Another substantial body of research has probed the experience of INMI as it occurs in everyday life. This body of research can be further divided into studies using diary and ESM methods. In diary studies, participants are typically asked to record details about all INMI episodes experienced over a set time period (e.g., 1 week). During ESM studies, a researcher contacts each participant a set number of times (e.g., twice per day for 5 days) and asks them to report details of their current or recent INMI episodes. These naturalistic approaches have revealed insights on individual INMI episodes and the everyday situations surrounding their occurrence, including environmental triggers and concurrent activities. Finally, studies employing computational analysis have used such methods to analyze a large corpus of textual data describing INMI experiences (Liikkanen, Toivanen, & Jakubowski, 2015) and a corpus of pop songs typically reported as INMI (Jakubowski, Finkel, Stewart, & Müllensiefen, 2017).

Types and timing of self-report data collection methods

The most fundamental question in conducting INMI research is, “Can valid and reliable evidence on the subject be obtained?” All studies of INMI have relied on some variation of self-report methods, including both paper-based (e.g., Floridou & Müllensiefen, 2015) and digital (e.g., Liikkanen, 2012a) approaches. Most reporting has been direct and retrospective, which involves answering overt questions about musical imagery experiences with some delay, which has ranged from seconds (Beaty et al., 2013) to minutes (Bailes, 2007) in ESM studies, and may be substantially longer in survey studies.

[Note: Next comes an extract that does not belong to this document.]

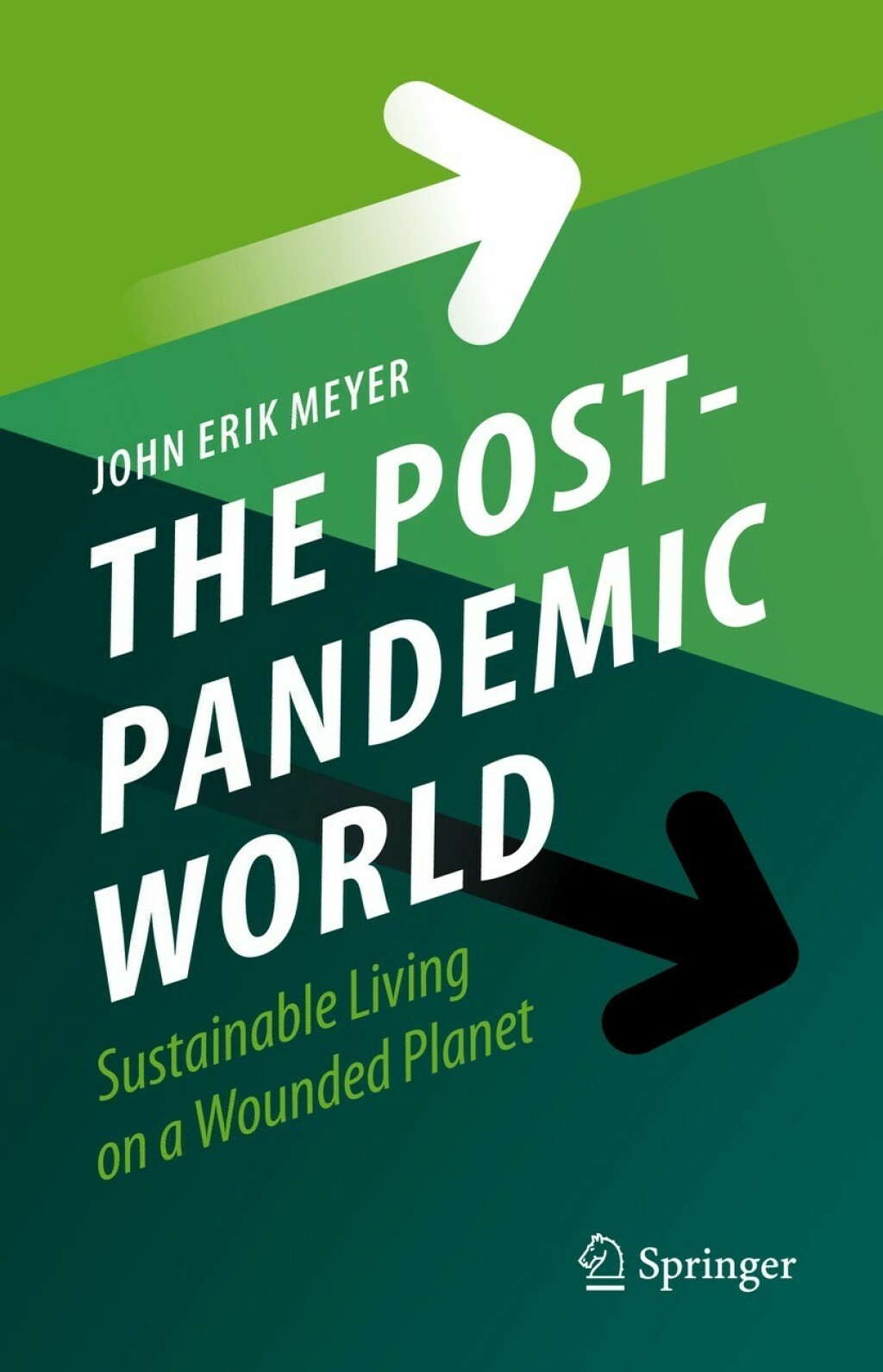 The Post-Pandemic World Sustainable Living on a Wounded Planet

In rare instances, researchers have asked participants to document ongoing, concurrent INMI experiences—for example, by tapping to the beat of INMI and storing data on a wrist-worn accelerometer (Jakubowski, Farrugia, Halpern, Sankarpandi, & Stewart, 2015), or using an interactive voice response system (Beaty et al., 2013).

Four methodological variations for collecting self-report data have been used in INMI research (see Fig. 3). Spontaneous reports are typically generated in nonexperimental settings and without direct questioning, but can be retrieved in the right kind of corpora (e.g., from social media; Liikkanen et al., 2015). Under research circumstances, people produce mindful reports that are either externally cued (probe-caught) or self-initiated (self-caught). Probed reports can further directly or indirectly address INMI, depending on whether the participants know the real aim of the study or not (Floridou, Williamson, & Stewart, 2017).

Fig. 3
figure 3

Approaches to self-report data collection on INMI experiences. Adapted from Liikkanen (2018)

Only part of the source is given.